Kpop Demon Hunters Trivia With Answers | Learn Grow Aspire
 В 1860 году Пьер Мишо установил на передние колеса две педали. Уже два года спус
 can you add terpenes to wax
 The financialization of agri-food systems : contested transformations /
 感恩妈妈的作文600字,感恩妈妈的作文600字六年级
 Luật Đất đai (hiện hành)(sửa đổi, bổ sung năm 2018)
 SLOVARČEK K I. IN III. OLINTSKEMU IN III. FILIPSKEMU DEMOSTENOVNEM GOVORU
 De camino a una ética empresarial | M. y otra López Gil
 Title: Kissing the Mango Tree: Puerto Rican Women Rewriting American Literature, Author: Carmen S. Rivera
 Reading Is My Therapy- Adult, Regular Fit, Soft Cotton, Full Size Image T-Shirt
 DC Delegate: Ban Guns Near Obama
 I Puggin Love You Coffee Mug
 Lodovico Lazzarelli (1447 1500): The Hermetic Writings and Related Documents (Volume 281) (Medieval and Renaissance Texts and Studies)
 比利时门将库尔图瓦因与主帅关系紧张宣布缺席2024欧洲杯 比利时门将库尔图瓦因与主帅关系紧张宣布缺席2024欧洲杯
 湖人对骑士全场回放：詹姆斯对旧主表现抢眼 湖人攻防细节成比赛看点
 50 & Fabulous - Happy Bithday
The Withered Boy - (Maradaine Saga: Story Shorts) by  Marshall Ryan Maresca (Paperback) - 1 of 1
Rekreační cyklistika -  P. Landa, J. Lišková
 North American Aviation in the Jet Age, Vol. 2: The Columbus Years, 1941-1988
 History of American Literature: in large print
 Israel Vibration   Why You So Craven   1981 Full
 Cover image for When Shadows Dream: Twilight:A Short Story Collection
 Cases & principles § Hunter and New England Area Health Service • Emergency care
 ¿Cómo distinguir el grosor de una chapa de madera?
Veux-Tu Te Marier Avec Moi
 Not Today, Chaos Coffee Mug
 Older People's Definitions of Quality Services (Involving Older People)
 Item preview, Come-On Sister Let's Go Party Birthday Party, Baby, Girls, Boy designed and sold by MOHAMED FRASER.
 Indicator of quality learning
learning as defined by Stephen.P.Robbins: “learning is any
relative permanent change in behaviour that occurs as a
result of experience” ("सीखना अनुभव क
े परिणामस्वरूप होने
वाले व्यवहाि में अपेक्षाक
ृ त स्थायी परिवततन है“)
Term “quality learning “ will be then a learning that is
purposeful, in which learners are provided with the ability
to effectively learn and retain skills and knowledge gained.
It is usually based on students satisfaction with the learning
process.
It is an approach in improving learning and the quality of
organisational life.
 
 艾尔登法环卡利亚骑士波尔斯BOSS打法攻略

* * * * *

_Requirement_
Please return all of the records exactly as they appear.

_Exercise answer_
Kpop Demon Hunters Trivia With Answers | Learn Grow Aspire
 В 1860 году Пьер Мишо установил на передние колеса две педали. Уже два года спус
 can you add terpenes to wax
 The financialization of agri-food systems : contested transformations /
 感恩妈妈的作文600字,感恩妈妈的作文600字六年级
 Luật Đất đai (hiện hành)(sửa đổi, bổ sung năm 2018)
 SLOVARČEK K I. IN III. OLINTSKEMU IN III. FILIPSKEMU DEMOSTENOVNEM GOVORU
 De camino a una ética empresarial | M. y otra López Gil
 Title: Kissing the Mango Tree: Puerto Rican Women Rewriting American Literature, Author: Carmen S. Rivera
 Reading Is My Therapy- Adult, Regular Fit, Soft Cotton, Full Size Image T-Shirt
 DC Delegate: Ban Guns Near Obama
 I Puggin Love You Coffee Mug
 Lodovico Lazzarelli (1447 1500): The Hermetic Writings and Related Documents (Volume 281) (Medieval and Renaissance Texts and Studies)
 比利时门将库尔图瓦因与主帅关系紧张宣布缺席2024欧洲杯 比利时门将库尔图瓦因与主帅关系紧张宣布缺席2024欧洲杯
 湖人对骑士全场回放：詹姆斯对旧主表现抢眼 湖人攻防细节成比赛看点
 50 & Fabulous - Happy Bithday
The Withered Boy - (Maradaine Saga: Story Shorts) by  Marshall Ryan Maresca (Paperback) - 1 of 1
Rekreační cyklistika -  P. Landa, J. Lišková
 North American Aviation in the Jet Age, Vol. 2: The Columbus Years, 1941-1988
 History of American Literature: in large print
 Israel Vibration   Why You So Craven   1981 Full
 Cover image for When Shadows Dream: Twilight:A Short Story Collection
 Cases & principles § Hunter and New England Area Health Service • Emergency care
 ¿Cómo distinguir el grosor de una chapa de madera?
Veux-Tu Te Marier Avec Moi
 Not Today, Chaos Coffee Mug
 Older People's Definitions of Quality Services (Involving Older People)
 Item preview, Come-On Sister Let's Go Party Birthday Party, Baby, Girls, Boy designed and sold by MOHAMED FRASER.
 Indicator of quality learning
learning as defined by Stephen.P.Robbins: “learning is any
relative permanent change in behaviour that occurs as a
result of experience” ("सीखना अनुभव क
े परिणामस्वरूप होने
वाले व्यवहाि में अपेक्षाक
ृ त स्थायी परिवततन है“)
Term “quality learning “ will be then a learning that is
purposeful, in which learners are provided with the ability
to effectively learn and retain skills and knowledge gained.
It is usually based on students satisfaction with the learning
process.
It is an approach in improving learning and the quality of
organisational life.
 
 艾尔登法环卡利亚骑士波尔斯BOSS打法攻略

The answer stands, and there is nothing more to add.